O Estado de S. Paulo
Com o foco na CPI, Congresso legisla em causa própria na MP da Eletrobrás e na Lei da Improbidade
Há algo errado quando, do PT ao PP,
praticamente todos os partidos ficam do mesmo lado na Câmara e
quando dez entre dez economistas liberais se manifestam contra o projeto
pró-privatização da Eletrobrás da
Câmara e do Senado. A explicação, porém, parece razoavelmente simples: com o
foco na CPI da Covid,
o Congresso corre para passar suas boiadas e jabutis.
O pau come entre o PT e o bolsonarismo, mas
lá, no escurinho da Câmara, reina a paz para legislar em causa própria.
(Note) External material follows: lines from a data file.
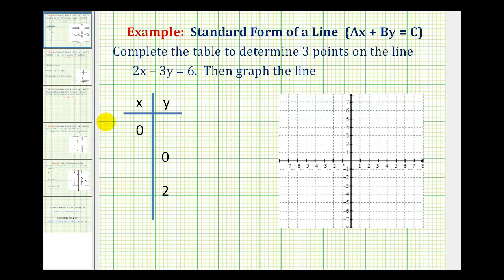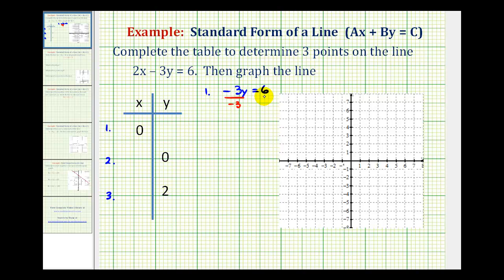To keep track of this, let's call this number one, number two, and number three. Starting with number one, we substitute zero for x. Two times zero is zero, so we're left with negative three y equals six. Dividing both sides by negative three, we get y equals negative two when x equals zero. This is the y-intercept of the line — by replacing x with zero and solving for y, we find the y-intercept.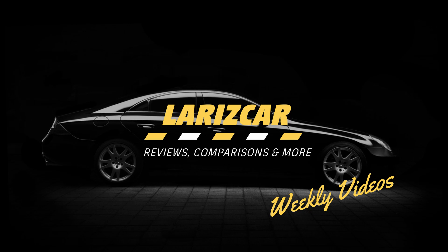Hello everybody, welcome to Larizcar. My name is Anthony and today I'll be introducing you to my all new channel here on YouTube. So without any further ado, let's begin.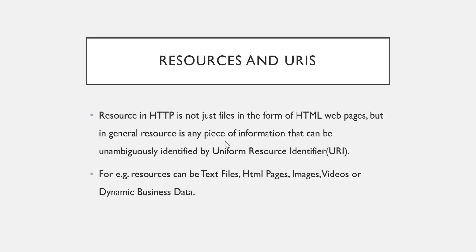It can be a text file, it can be an HTML file, it can be image, video, or any dynamic business data. So everything will be termed as resource and each resource will have a URI, Uniform Resource Identifier, and it should be unambiguous. You should remember this thing.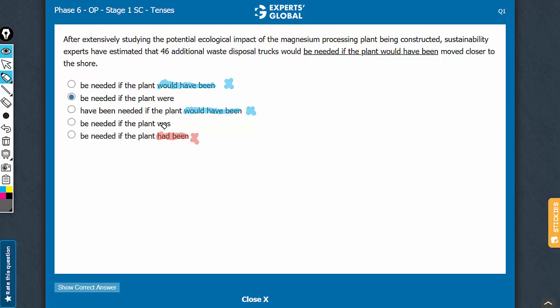Some students will choose was if the plant was moved closer to something. But see, this is a conditional here. This is subjunctive at work. It's a hypothetical situation contrary to fact, and therefore, plural form is needed.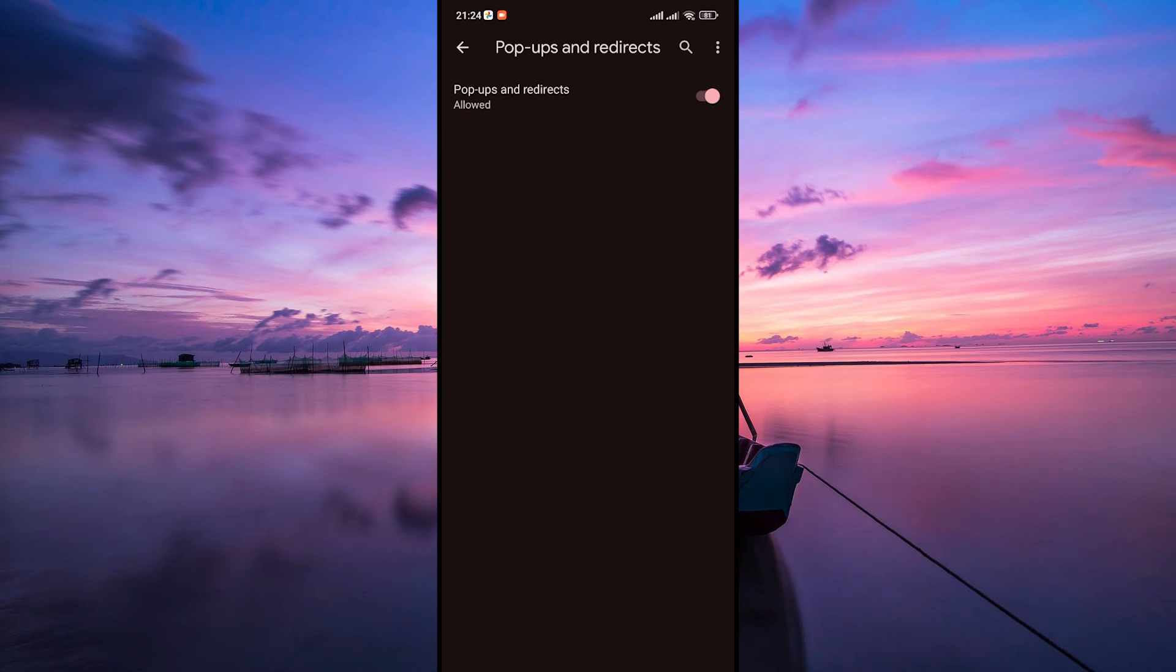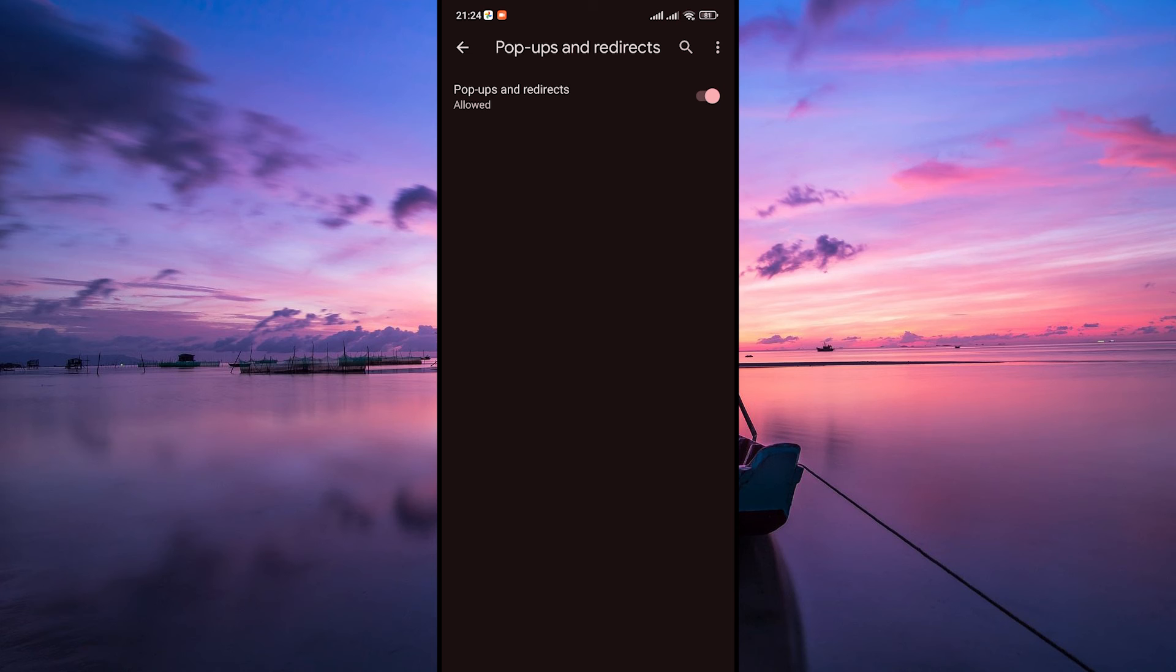Once you've made the changes, Chrome will block redirects from sites according to your settings. You can test this by visiting a site that used to redirect you frequently. With the settings in place, you should no longer experience those unwanted redirects.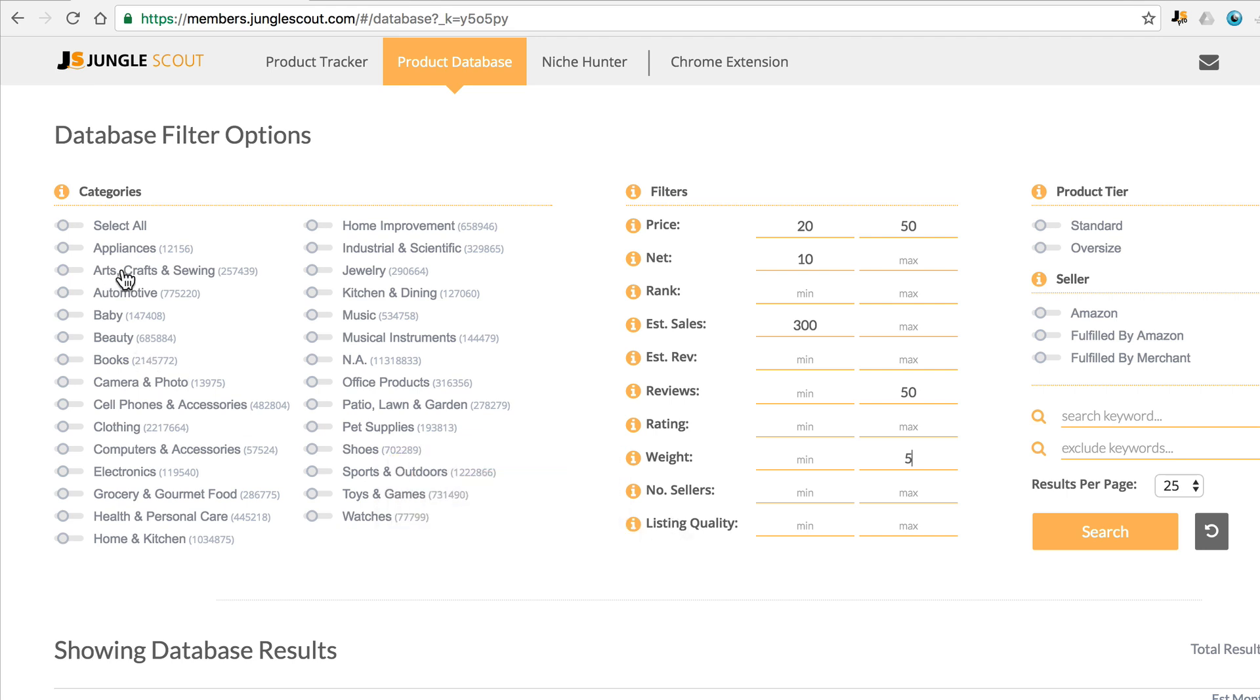Make sure that we select categories—let's say automotive and home improvement. Coming over here, I want to make sure it's standard and not oversized, and then we'll come down here and hit search.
O
deputado petista Carlos Zarattini (SP) apresentou um relatório substitutivo mudando
drasticamente a Lei da Improbidade, de 1992, e o texto foi aprovado
por 408 votos a 67 em plenário, com apoio de praticamente todos os partidos e
patrocínio do bolsonarista Arthur Lira (PP-AL) – o presidente da Casa, alvo de
processos por... improbidade.
Para o procurador Roberto Livianu, do Instituto Não Aceito Corrupção, a Lei da Improbidade “é a mais importante lei anticorrupção em vigor no Brasil”. E ele cronometrou: o substitutivo de Zarattini foi apresentado às 17h10 de terça-feira, o pedido de urgência começou a ser votado às 17h11 e foi aprovado às 17h19. Nove minutos. No dia seguinte o plenário liquidou a fatura.
“Não foi urgência para salvar vidas,
combater o desemprego, a covid ou mesmo a corrupção”, diz Livianu. A pressa foi
no sentido oposto: abrandar a lei que ataca uma das mais resilientes pragas
brasileiras, a corrupção. Pelo texto, só serão enquadrados os ímprobos que ajam
com dolo, intencionalmente. Os ingênuos, distraídos, que não sabiam que estavam
desviando dinheiro público e enriquecendo ilicitamente, ficam numa boa. Basta
fazer cara de surpresa: “Era corrupção? Eu nem imaginava!”.
Também partiu da Câmara, e virou uma grande
confusão no Senado, a medida provisória (MP) que abre espaço para privatizar a
Eletrobrás, estatal responsável pela geração e distribuição de energia, um
setor estratégico e sempre no fio da navalha – como agora, por exemplo. A
medida é estudada e defendida por especialistas há anos, ou décadas, mas vinha
sendo sistematicamente impedida pelos... políticos.
Sejam de esquerda, direita ou centro,
políticos adoram uma estatalzinha bacana para acomodar generosamente seus
parentes, afilhados e aliados. Mexer com ela, a estatal, é mexer comigo! Assim,
trabalham contra a privatização e, se não tem jeito, como na Eletrobrás, lá vêm
boiadas e jabutis. Os economistas que bradavam pela privatização agora são os primeiros
a gritar contra a proposta do Congresso. Com razão.
Afora o fato de ter sido proposta pelo
governo por MP, mesmo não tendo urgência nenhuma, o grave mesmo foi a
movimentação frenética dos deputados e senadores para tirar uma casquinha para
suas bases eleitorais. Em vez de melhorar o péssimo texto da Câmara, os
senadores puseram ainda mais jabutis, o mostrengo agora volta para a Câmara e o
que é ruim sempre pode continuar piorando.
O resultado é que a questão será fatalmente
judicializada, empacando nos tribunais sabe-se lá por quanto tempo e criando
insegurança jurídica, que provoca um efeito colateral drástico: em vez de
cumprir o objetivo de atrair grandes investidores de Europa e Ásia, por
exemplo, o texto do Congresso tende a afugentar as empresas – e seus bilhões de
dólares – num setor essencial.
Passo a passo, o Brasil anda de marcha à ré, afunda no atraso e no negacionismo e perde credibilidade internacional, carente da liderança de um presidente da República que não governa, só faz campanha, guerreia pelo voto impresso, cria seus próprios jabutis e passa suas boiadas não só no meio ambiente, mas no pobre e abalado interesse nacional. “Jabuti não sobe em árvore. Ou foi enchente ou foi mão de gente.”